In this binary classification problem, the predicted function must return binary
values (either 0 or 1). To achieve this, we apply to our function the sigmoid or
logistic function (Figure 6). The sigmoid function has the domain of all real
numbers, with a return value from 0 to 1. Unlike linear regression, using the
sigmoid function we transform the output into a probability.
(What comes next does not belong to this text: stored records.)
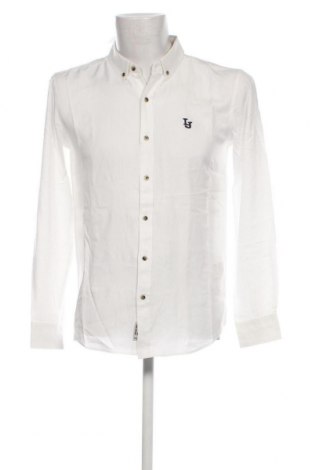 Ανδρικό πουκάμισο Lois, Μέγεθος S, Χρώμα Λευκό, Τιμή 38,35 €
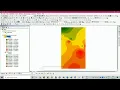 ArcGIS Tutorial 10 Interpolation Using Arcgis Desktop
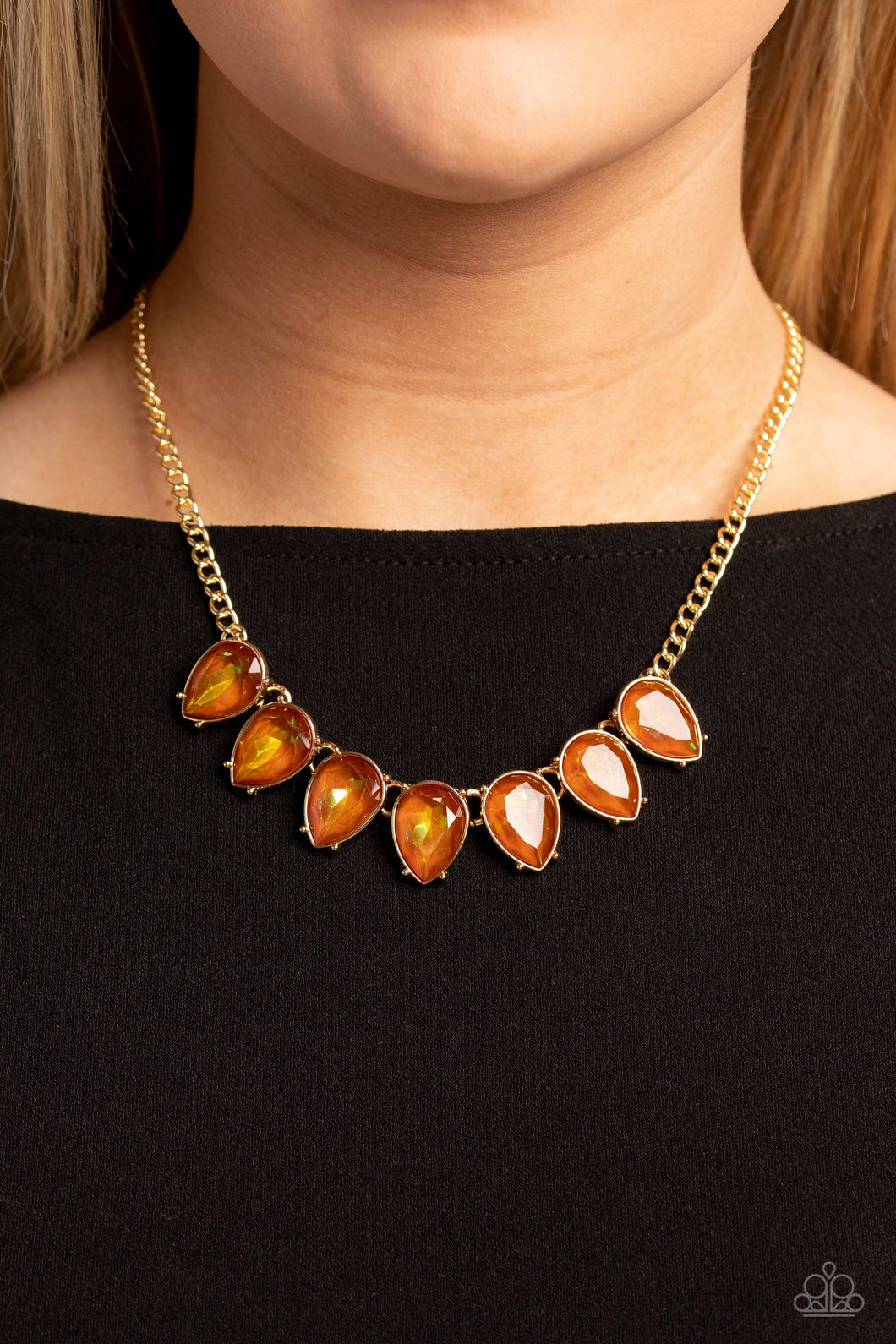 Flirty Dancing - Brown Necklace - NEW RELEASE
$$ \text{Sigmoid function: } \sigma(x) = \frac{1}{1 + \mathbf{e}^{-x}} $$
$$ \text{Sigmoid applied to learning function: } \sigma(\hat{y}) = \sigma\left(\mathbf{w}^T\mathbf{X}\right) = \frac{1}{1 + \mathbf{e}^{-\mathbf{w}^T\mathbf{X}}} $$
$$ \text{Probability for } \mathbf{X} \text{ to belong in the positive class: } Pr\left(c_{+}\mid X\right) = \frac{1}{1 + \mathbf{e}^{-\mathbf{w}^T\mathbf{X}}} $$
$$ \text{Probability for } \mathbf{X} \text{ to belong in the negative class: } Pr\left(c_{-}\mid X\right) = 1 - Pr\left(c_{+}\mid X\right) $$
_Figure 6: Sigmoid Function_
**Cost function**: Figure 7 outlines the cost function that is used in logistic
regression (Maximum Likelihood).
$$ J(\mathbf{w}) = \frac{1}{m}\sum_{i=1}^{m}{-\left[y_i\log \hat{y} + \left(1 - y_i\right)\left(1 - \hat{y}\right)\right]} $$
_Figure 7: Cost Function in Logistic Regression_
Using this cost function, we are going to update the values of **w**, such that
the J(w) value settles at the minimum. To obtain the values of **w**, we perform
the gradient descent algorithm. Figure 8 outlines the update rule of **w** in
logistic regression.
- Initialize $w_i$
- Repeat until convergence
$\{w_i := w_i - \alpha \cdot \frac{\partial MSE(\mathbf{w})}{\partial w_i}\}$
Parameter $\alpha$ is called learning rate.
_Figure 8: Update Rule_
**Code:i** To perform logistic regression we again use the scikit learn module.
In the following example, we will use the Breast Cancer Wisconsin (Diagnostic)
Data Set. There are 10 attributes for every **X** including:
- radius (mean of distances from the center to points on the perimeter)
- texture (standard deviation of gray-scale values)
- perimeter
- area
- smoothness (local variation in radius lengths)
The **Y** classes are:
- WDBC-Malignant
- WDBC-Benign
Next, we split the data into training and testing sets. We train the model with
80% of the samples and test with the remaining 20%. Finally, we will evaluate
our model using precision and recall metrics. The precision is the intuitive
ability of the classifier not to label as positive a sample that is negative,
and recall is the ability of the classifier to find all the positive samples.
```py
import sklearn
from sklearn.linear_model import LogisticRegression
from sklearn.datasets import load_breast_cancer
from sklearn.model_selection import train_test_split
from sklearn.metrics import recall_score
from sklearn.metrics import precision_score
data = load_breast_cancer()
X = data['data']
Y = data['target']
X_train, X_test, Y_train, Y_test = train_test_split(X, Y, test_size = 0.2, random_state=5)
clf = LogisticRegression()
clf.fit(X_train, Y_train)
Y_pred = clf.predict(X_test)
print('Recall:', recall_score(Y_test, Y_pred))
print('Precision:', precision_score(Y_test, Y_pred))
```
The disadvantage of this algorithm is that for each iteration m gradients have
to be computed leading to m training examples. If the training set is very
large, the above algorithm is going to be memory inefficient and might crash if
the training set doesn't fit in the memory. The Stochastic Gradient Descent
algorithm may be helpful in this case as it takes a sample of the training set
to calculate the weights-parameters instead of the entire sample space for each
iteration. This makes training much faster.